An example of the MultiQC Report

multiQC report

An example of the vector map:

vector ploth



DAG graph

DAG graph

Run VectorQC on AWS Batch

For running VectorQC on AWS Batch, we provide a sample profile in nextflow.config. You need to adapt your parameters according to your deployment. For more detail, see this blogpost.

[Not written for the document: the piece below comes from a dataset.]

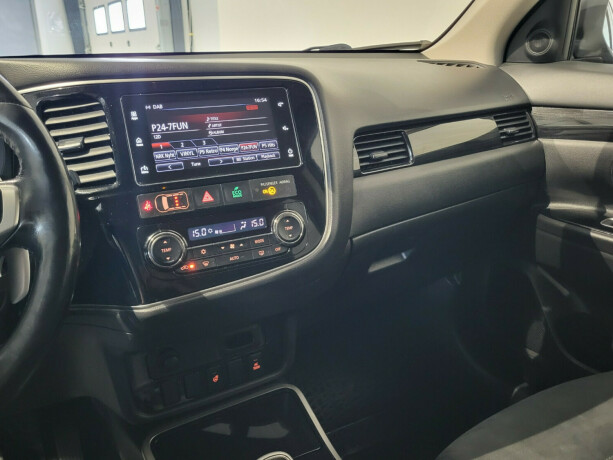 mitsubishi-outlander-elektrisitetbensin-2017-big-12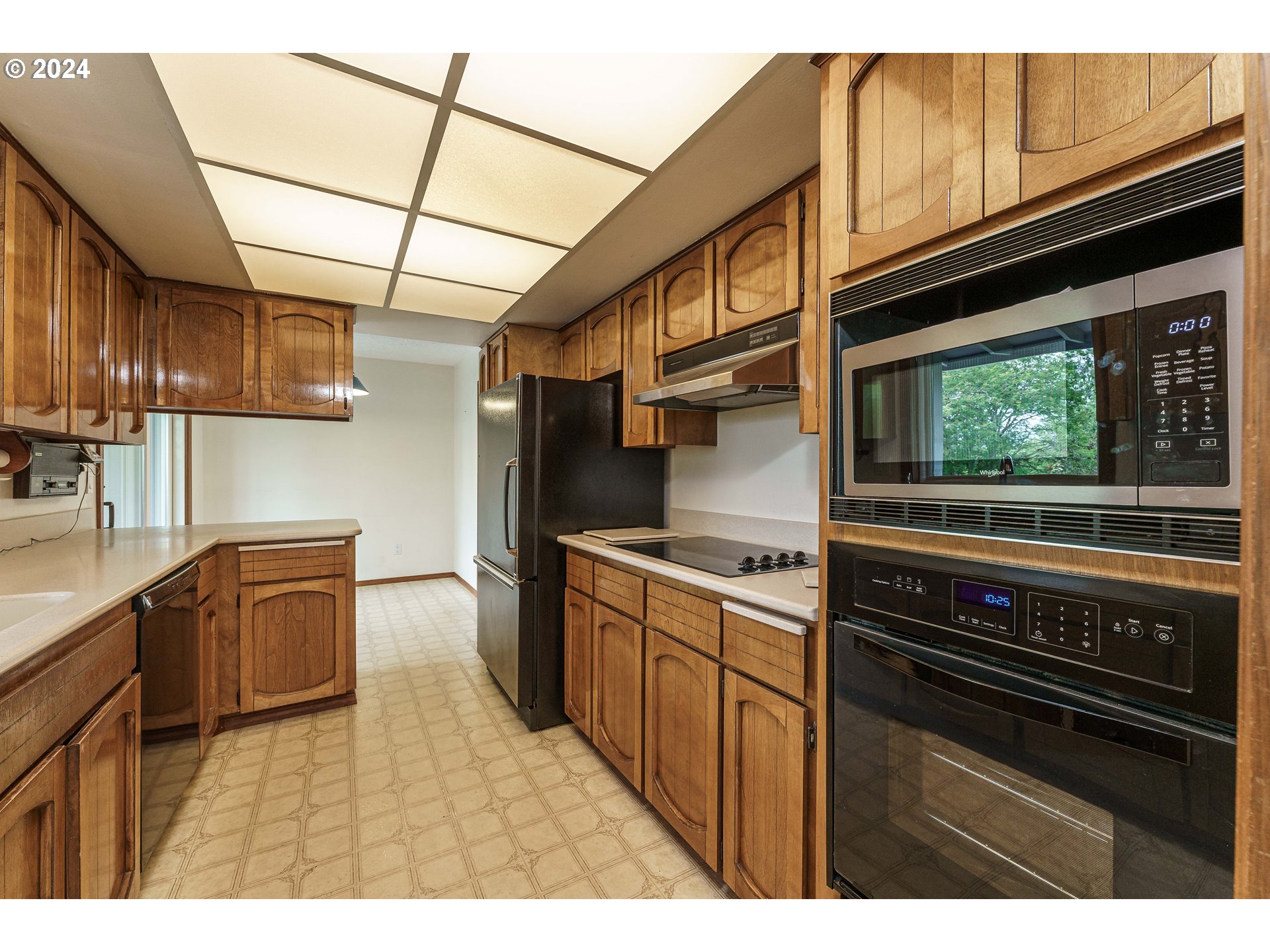 515 Southwest 7th Street Gresham, OR 97080 - Photo 7 of 35 Kitchen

Once your parameters are set, you can run the pipeline by using this commandline from an EC2 instance:

 nextflow run main.nf -profile awsbatch -bucket-dir s3://mys3bucket/work

References

  1. Andrews, S., https://www.bioinformatics.babraham.ac.uk/projects/fastqc/. 2010.
  2. Jiang, H., et al., Skewer: a fast and accurate adapter trimmer for next-generation sequencing paired-end reads. BMC Bioinformatics, 2014. 15: p. 182.
  3. Camacho, C., et al., BLAST+: architecture and applications. BMC Bioinformatics, 2009. 10: p. 421.
  4. Bankevich, A., et al., SPAdes: a new genome assembly algorithm and its applications to single-cell sequencing. J Comput Biol, 2012. 19(5): p. 455-77.
  5. Magoč, T. and S.L. Salzberg, FLASH: fast length adjustment of short reads to improve genome assemblies. Bioinformatics, 2011. 27(21): p. 2957-63.
  6. Altschul, S.F., et al., Basic local alignment search tool. J Mol Biol, 1990. 215(3): p. 403-10.
  7. Rice, P., I. Longden, and A. Bleasby, EMBOSS: the European Molecular Biology Open Software Suite. Trends Genet, 2000. 16(6): p. 276-7.
  8. Roberts RJ, Vincze T, Posfai J, Macelis D. REBASE--a database for DNA restriction and modification: enzymes, genes and genomes. Nucleic Acids Res. 2015 Jan;43(Database issue) http://rebase.neb.com/rebase/rebase.html
  9. Stothard, P. and D.S. Wishart, Circular genome visualization and exploration using CGView. Bioinformatics, 2005. 21(4): p. 537-9.
  10. Li H, Durbin R. Fast and accurate long-read alignment with Burrows-Wheeler transform. Bioinformatics. 2010 Mar 1;26(5):589-95.
  11. Li H, Handsaker B, Wysoker A, Fennell T, Ruan J, Homer N, Marth G, Abecasis G, Durbin R; 1000 Genome Project Data Processing Subgroup. The Sequence Alignment/Map format and SAMtools. Bioinformatics. 2009 Aug 15;25(16):2078-9
  12. Ewels, P., et al., MultiQC: summarize analysis results for multiple tools and samples in a single report. Bioinformatics, 2016. 32(19): p. 3047-8.